We will place our units of work on a queue instead of partitioning them in silos.  There will be only one queue for all threads. The way a queue works is that I put something on the top and it is taken off the bottom.  I will be honest and tell you it will not work this way in SQL Server, which will be a stand in for the actual FIFO data structure.  What SQL Server will help us do that the queue structure does, is provide us with a few guarantees.  These guarantees are the basis of improving the parallel performance of our SSIS package.  One guarantee is to limit access to each unit of work.  This structure guarantees one unit of work to one thread and no overlap.  We will guarantee that work will only be done once, that is to say no two threads will at any time work on the same unit of work.  Nor will any unit of work be worked on more than once.  It will also guarantee that each thread can take a unit to work on, without being stopped by another, which will allow for simultaneous work distribution.   “How exactly does this help remove the ‘Silo Problem’?” The answer is quite simple.  A thread only asks for work when it is has completed its current unit of work.  If a thread gets a ‘long running’ unit, the other threads can take work and possibly take all of the remaining work.  So long as the units of work are placed in the queue randomly (as random as possible), then there is a better chance, statistically, that the same thread will not get more than one ‘long’ unit of work and so we have computationally, not manually, spread the work out.  This is also dynamic so as the workload changes the structures and mechanisms we will put in place will compensate for them.

 Now that you understand the concepts behind parallel work and what we can do in SQL Server and what we should do in SQL Server, let’s work on explaining the package I built and lay the groundwork for you to build your own optimized parallel packages.

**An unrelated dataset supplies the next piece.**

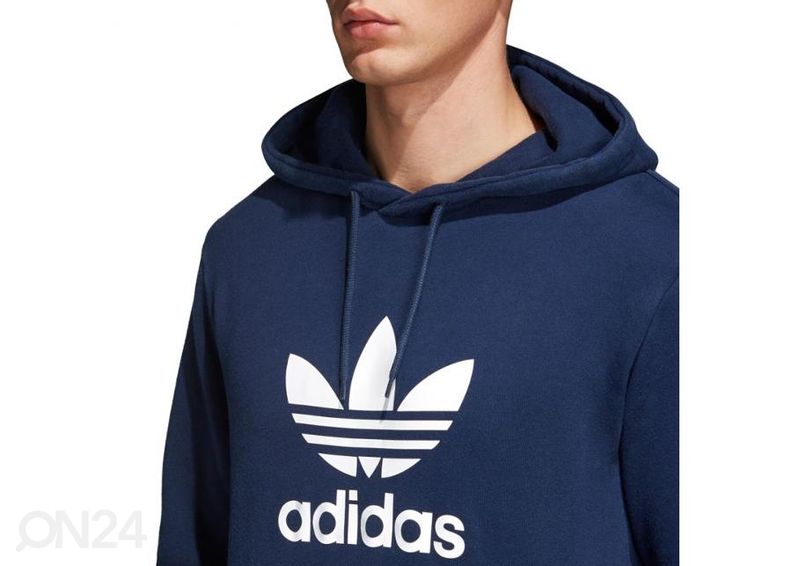 Meeste dressipluus adidas Trefoil Hoody M CX1900 suurendatud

Table based queue structure

As explained above, we are going to build a queue-like structure within SQL Server to help facilitate parallel distribution of work amongst threads.  Let’s start in reverse, by building all of the data structures and then the package structures to take advantage of this work.  You must know what your unit of work is at this point.  I will show you what my unit of work is for the purposes of explaining the concepts.

The unit of work for my package is defined as SalesPerson/Company.  With that in mind, here is the structure of my queue table, yours will be very similar.

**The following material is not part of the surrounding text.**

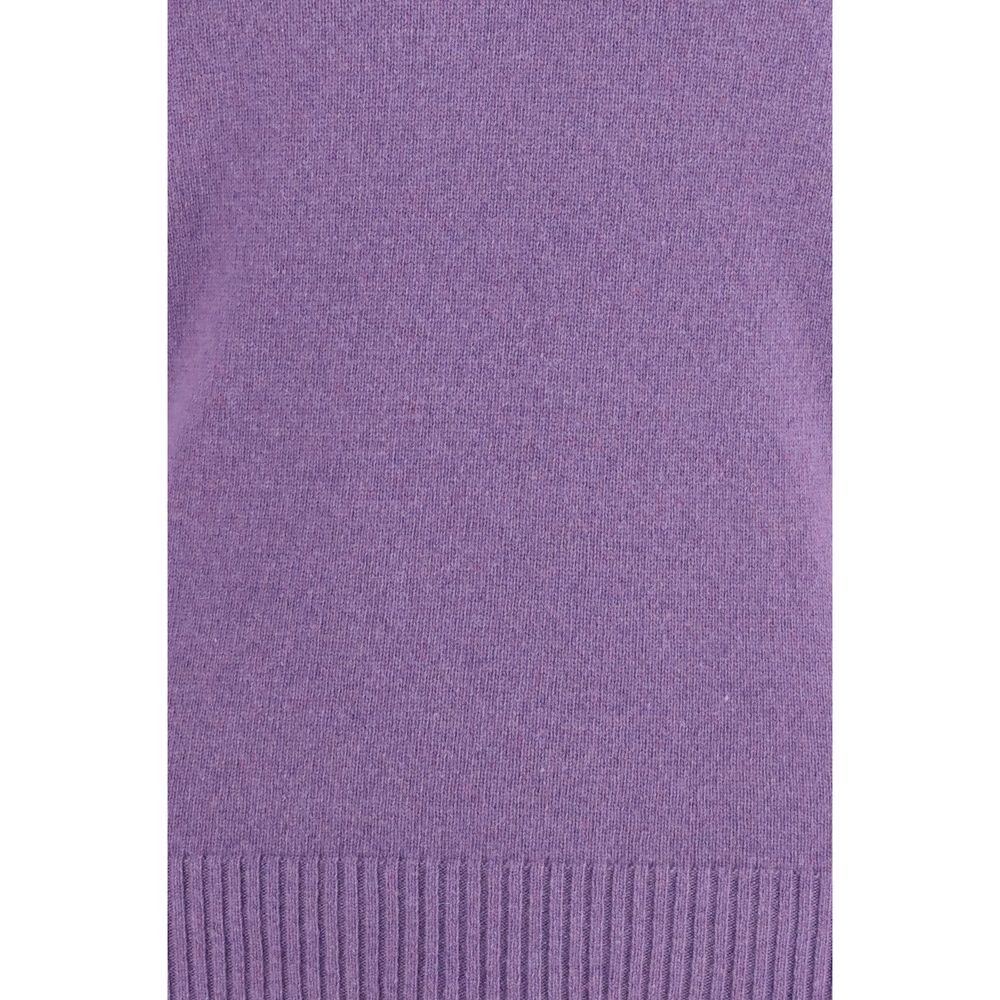 Brooksfield Purple Cashmere Sweater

CREATE TABLE [dbo].[WorkQueue](

      [SalesPerson] [char](5) NOT NULL,

      [Company] [char](2) null))

This simply lists the combination of SalesPerson to Company, which is our unit of work.  Now we are going to fill this.

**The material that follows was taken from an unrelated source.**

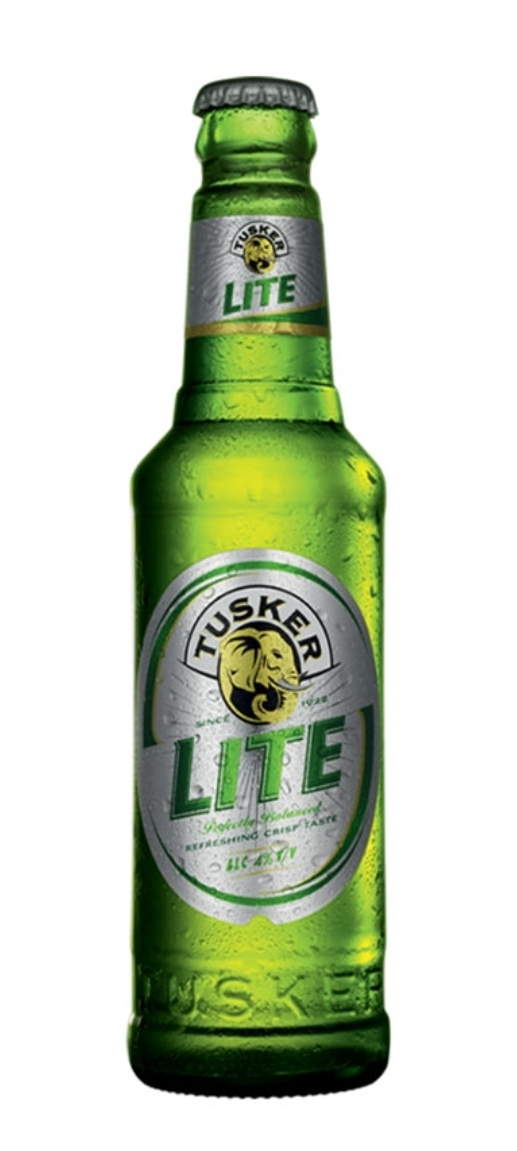 Tusker Lite Bottle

I am not going to bore you with the details of how we calculate what SalesPerson can sell to what Company on any given day (yes it can change daily), so you will see a few snippets in this article.

CREATE TABLE [dbo].[RepAssignment](

[SalesPerson] [char](5) NOT NULL,

[Company] [char](2) NOT NULL,

[HashCode]  AS (hashbytes('SHA1',[SalesPerson]+[Company]))

 

create table #hold

(SalesPerson char(5) not null,

 Company char(2) null,

 HashCode binary(20))

insert #hold(SalesPerson,Company,HashCode)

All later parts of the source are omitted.